In [1]:
from rdkit.Chem.rdmolfiles import MolFromPDBFile
from rdkit.Chem.rdchem import Mol
from rdkit.Chem import AllChem

import numpy as np
import rdkit.Chem as Chem
from rdkit.Chem import AddHs, AssignStereochemistry, HybridizationType, ChiralType, BondStereo, MolFromMol2File
from rdkit.Chem.AllChem import ComputeGasteigerCharges
import os
import sys

sys.path.append("../../")
from src.data.pocket_utils import get_atom_coordinates, find_pocket_atoms_RDKit
from src.data.utils import pdb_to_rdkit_mol, mol2_to_rdkit_mol, get_vdw_radius, add_charges_to_molecule, get_node_features, get_edge_features, extract_charges_from_mol2
from src.utils.constants import ES_THRESHOLD

In [2]:
def ionic_interaction(mol: Chem.Mol, atom_1: int, atom_2: int):
    """
    Determine if there is an electrostatic interaction between atom 1 and atom 2 based on whether the coulombic interaction
    between the two atoms is less than or equal to some threshold imported from src/utils/constants.py.

    Parameters:
    mol (Chem.Mol): The RDKit molecule.
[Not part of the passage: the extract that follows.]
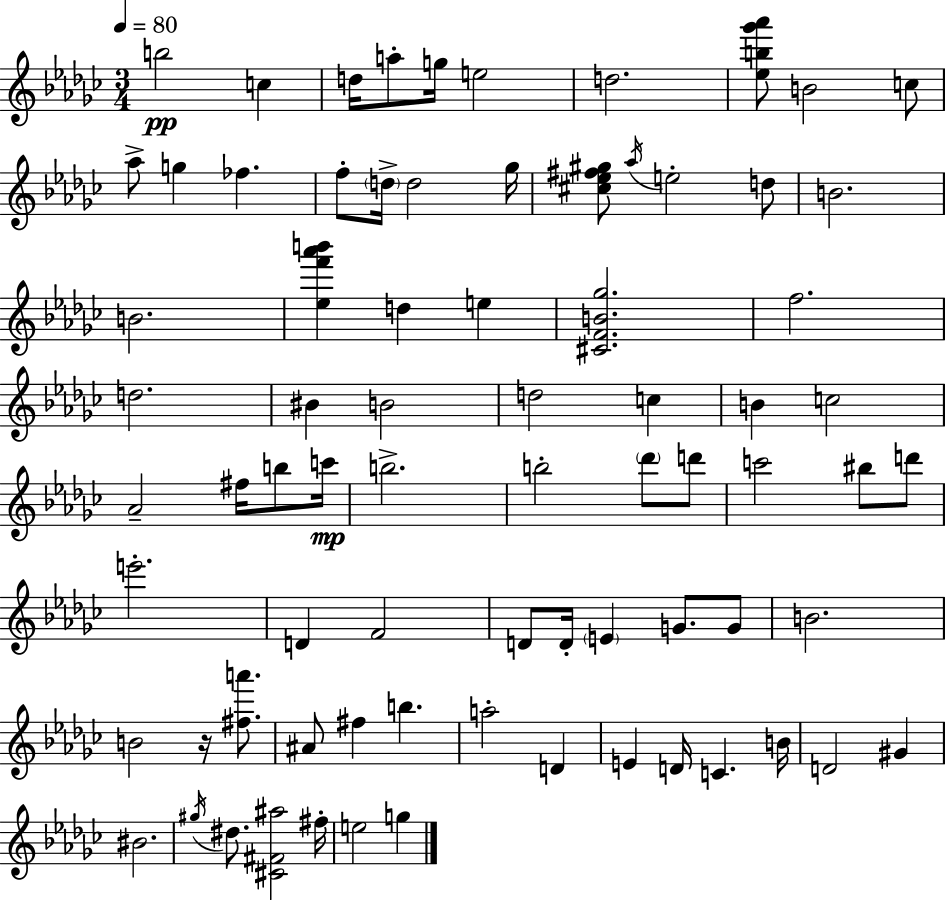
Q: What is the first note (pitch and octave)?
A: B5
NOTE: We assume that the molecule has _TriposAtomCharges charges assigned to the atoms.
    atom_1 (int): The index of the first atom.
    atom_2 (int): The index of the second atom.
    
    Returns:
    tuple: (0, 0, 0, 0, 0) if there is an electrostatic interaction, None otherwise 

    Conversion Factor Calculation:
    The Coulombic interaction energy between two point charges q1 and q2 separated by a distance r in vacuum is given by:

        E = k * q1 * q2 / r

    Where:
    - E is the energy in Joules (J).
    - k is Coulomb's constant, 8.987 x 10^9 N m^2 C^-2.
    - q1 and q2 are the charges in Coulombs (C).
    - r is the distance in meters (m).

    To convert this energy into kJ/mol, the following conversions are applied:
    - 1 e (elementary charge) = 1.602 x 10^-19 C
    - Avogadro's number (N_A) = 6.022 x 10^23 mol^-1
    - 1 Angstrom (Å) = 10^-10 meters (m)

    Therefore, the conversion factor from (charge_1 * charge_2) / distance to kJ/mol is:

        Conversion factor = (k * N_A * (1.602 x 10^-19)^2) * 10^10

    Plugging in the values:

        Conversion factor = (8.987 x 10^9 * 6.022 x 10^23 * (1.602 x 10^-19)^2) * 10^10
                          ≈ 1388.93 kJ mol^-1 Å^-1
    """
    # Constants
    CONVERSION_FACTOR_KJ = 1388.93  # kJ mol^-1 Å^-1

    # Get atomic charges using Gasteiger charges or another suitable method
    charge_1 = float(mol.GetAtomWithIdx(atom_1).GetProp('_TriposAtomCharges'))
    charge_2 = float(mol.GetAtomWithIdx(atom_2).GetProp('_TriposAtomCharges'))
    
    # Get the distance between the two atoms
    conf = mol.GetConformer()
    pos_1 = conf.GetAtomPosition(atom_1)
    pos_2 = conf.GetAtomPosition(atom_2)
    distance = pos_1.Distance(pos_2)

    coulombic_interaction_kj = (charge_1 * charge_2 / distance) * CONVERSION_FACTOR_KJ

    # Check if the Coulombic interaction is less than or equal to the threshold
    if abs(coulombic_interaction_kj) >= ES_THRESHOLD:
        return (0, 0, 0, 0, 0, coulombic_interaction_kj)
    else:
        return None

In [3]:
def calculate_gasteiger_charges(mol):
    AllChem.ComputeGasteigerCharges(mol)
    for atom in mol.GetAtoms():
        atom.SetProp('_TriposAtomCharges', str(atom.GetDoubleProp('_GasteigerCharge')))
    return mol


In [4]:
# Define test cases
test_cases = [("CCCCCCCCCC=C", 0, 10), # expected output: None
              ("C=C", 0, 1), # expected output:  None
              ("CC(=O)O", 2, 3) # expected output: (0, 0, 0, 0, 0)
              ]

# Initialize RDKit molecules and conformers
molecules = []
for smiles, a1, a2 in test_cases:
    mol = Chem.MolFromSmiles(smiles)
    AllChem.EmbedMolecule(mol)
    mol = calculate_gasteiger_charges(mol)
    molecules.append((mol, a1, a2))

# Run test cases
for mol, atom_1, atom_2 in molecules:
    # Replace this with the actual function call
    result = ionic_interaction(mol, atom_1, atom_2)
    print(f"SMILES: {Chem.MolToSmiles(mol)}, Atoms: ({atom_1}, {atom_2}) -> Result: {result}")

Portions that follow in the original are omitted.